Clay Doherty, currently a fundraiser for the Democratic party, spent two years at the U.S. Naval Academy before fellow students told him they would pursue rumors that he was gay and would try to initiate a discharge based on homosexuality. “I would have preferred a career in the Navy,” he said. Doherty, who fully supports the current military campaign against Afghanistan, does not dwell on the past: “The reality is that you deal with the circumstances you’re faced with, and when the circumstances change, you really can’t linger on them; you have to move on, and that’s exactly what I did.”
Laura Spaulding, who enlisted in the Army in May, 1994 at the age of 20, was discharged in September, 1994. In violation of the “don’t ask” and “don’t pursue” terms of the current gay policy, Spaulding says her battalion commander called people into his office and asked them to name people they thought were gay. Spaulding remains far too angry to want to serve today. “They treated me like a prisoner, like a second-class citizen,” she says. “After what they put me through, I wouldn’t reenlist if they gave me a million dollars.” She adds that she is sure that the Pentagon is quietly allowing gays to serve during the war on terrorism: “I guarantee that discharges are going down now that we’re not in peacetime. If we suit them, they’ll take us, but if there’s no conflict, we’re not allowed to serve. After they give all their purple hearts out [to gay soldiers], they’ll be discharging them again when the war’s over.”

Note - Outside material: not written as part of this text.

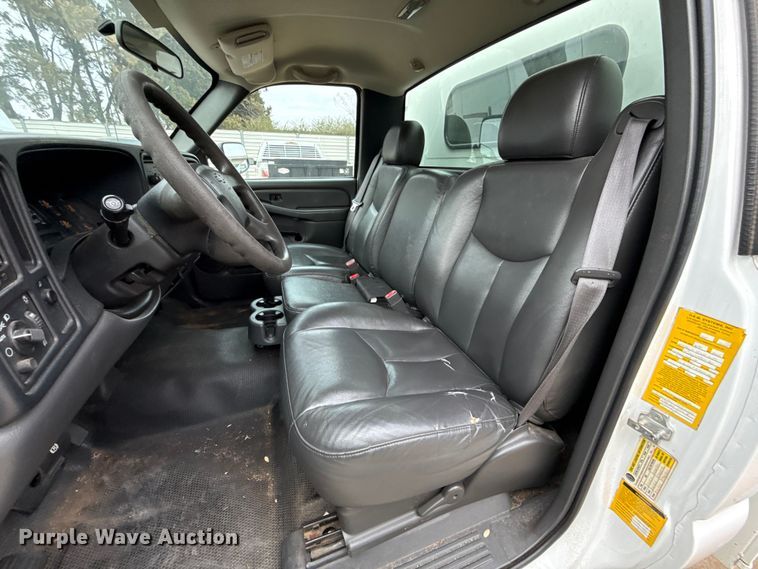 image for item ES5502 2007 Chevrolet Silverado 2500HD utility bed pickup truck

There is much evidence for this pattern. According to a new study by Rhonda Evans of UC Berkeley, the Pentagon’s policy of routing out gays and lesbians during peacetime normally is suspended during times of crisis. The 90-page study documents a historic pattern by the U.S. military of suspending enforcement of the gay ban during wartime. Frequently, the study reports, discharge proceedings are resumed against soldiers when they return from war.
The study, which draws on content analysis of fifty years of military, governmental, academic and other research data, offers four in-depth case studies of service members who served effectively as open homosexuals. The sexual orientation of these men and women was widely known among colleagues while they served. These service members maintained collegial relationships with co-workers, received outstanding evaluations, won awards and received promotions during their periods of open service. They also maintained high levels of responsibility, managing personnel, overseeing military budgets and commanding troops.